Power10 Lessons Learned in 2023
2023 has been a busy year with lots of Power10 implementations. And I have learned a great deal during that time from a combination of experience, IBM documents and tips from friends.
It is important that you follow the instructions on how to set up your Power10 server. The addition of the VMI (Virtualization Management Interface) has confused many people, but if you do things in the right order, you are far less likely to run into any issues. The instructions for setting up the server can be found here.
Recent HMC Issue to Watch For
Recently I was setting up an S1022 (firmware level ML1030_065) and we followed the instructions exactly. And had a weird problem where it kept showing “No connection” on the HMC.
The process we followed was:
1. Connected the HMC to port eth0 on eBMC.
2. Connected the power cables.
3. When the server came up, I set the password and the server name changed to Server-9105-22A-XXXXX from the default BMC-0000 one.
4. I logged into the ASMI to check the LMB and other settings.
5. Then I went into HMC GUI and configured the VMI on eth0 as dhcp.
6. I then powered up the server and it came up in a no connection state.
7. I went into VMI configuration and it had an IP address of 10.254.0.7.
8. I could ping it from the HMC so it appeared that the connection was fine. On the new HMC dashboard I saw the server had a reference code of c31
I also saw the following error:
HSCL0251 Service processor command GET_HYPERVISOR_CONFIG_STATE_AND_POWER_POLICY failed. The connection to the hardware server is broken.
lssysconn -r all showed resource_type=sys,type_model_serial_num=9105-22A*XXXXX,sp_type=ebmc,ipaddr=10.254.0.7,user_name=admin,alt_ipaddr=unavailable,state=Connected,vmi_ipaddr=unavailable,vmi_state=unavailable
It turns out the server was in MDC (manufacturing default configuration) mode. The solution was to login to the ASMI and perform a factory reset. Here’s how it works:
1. Login to the asmi
2. Power off server
3. Go into settings, reset server settings
4. There are two options:
a. Reset server settings: Resets the server settings only.
b. Reset BMC and server settings: Resets both the server and the BMC settings.
5. Select reset server settings only
6. Under power settings make sure it is set to user initiated (standby)
7. Check LMB is set to 256MB
8. Log out of asmi
9. Go to the HMC GUI
10. Reconfigure the VMI
11. Power on the server
The server comes up in recovery mode as there is no partition data now.
Under “Actions,” select recover partition data, initialize the managed system. Then restore partition data from back-up. Since it was a new system there was no partition data to be restored.
lssysconn -r all
Now showed the VMI as connected.
At this point I was able to move forward with creating my VIO server LPARs.

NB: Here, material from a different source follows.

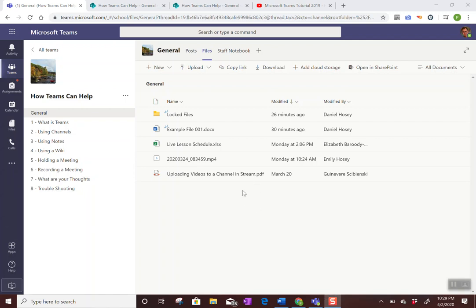So one thing that's come up is that in Microsoft Teams in the files area, anybody by default can edit the files. As a teacher you might not want this—you might not want the students to be able to change or modify or even delete the files.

I also used the following command to check for any obvious configuration errors:
lssyscfg -r sys -F name,state,state_detail
Power10 Memory Overhead
One of the things many of us have noticed is the firmware overhead for the Power10 servers. It is important to understand what contributes to this. There are three main components of memory overhead for the Hypervisor:
- HPT: Hardware page tables
- TCEs: Translation control entries (memory to support I/O devices)
- Memory required for virtualization
HPTs
Every LPAR has its own HPT that is used by the operating system to translate addresses in the image to the real hardware memory addresses. This is required to allow you to run multiple images in their own logical address space on the server. The size of the HPT is calculated using the maximum memory size, the LMB (logical memory block) size and either 1/64 (if IBM i) or 1/128 if AIX.
As an example, with an LMB of 256 (the normal default) and a maximum memory of 256GB an AIX partition HPT size would be 2GB. This memory is allocated before the LPAR is given its desired memory.
TCEs
Translation control entries (TCEs) are used to support I/O operations. The TCEs provide the address of the I/O buffer, indication of read versus write request and other I/O related attributes. There are many TCEs in use per I/O device so multiple requests can be active simultaneous to the same physical device.
Additionally, some adapters require additional memory to support them, specifically the SRIOV and high-speed adapters. On page 11 of this document, they provide the current numbers for the overhead of various adapters.
Virtualization Memory Use
On some servers there is a feature called AMM (active memory mirroring). If this is enabled it will mirror the memory that is assigned to the hypervisor, thus doubling the firmware overhead. It maintains two identical copies of the hypervisor data to protect against a DIMM failure.
I have a spreadsheet I use to estimate memory use and I just updated it for Power10. It is “use as is” but I have found that it comes out a little higher than the actual overhead seen which means that when I plan a server I don’t tend to run out of memory due to overhead that I forgot to include.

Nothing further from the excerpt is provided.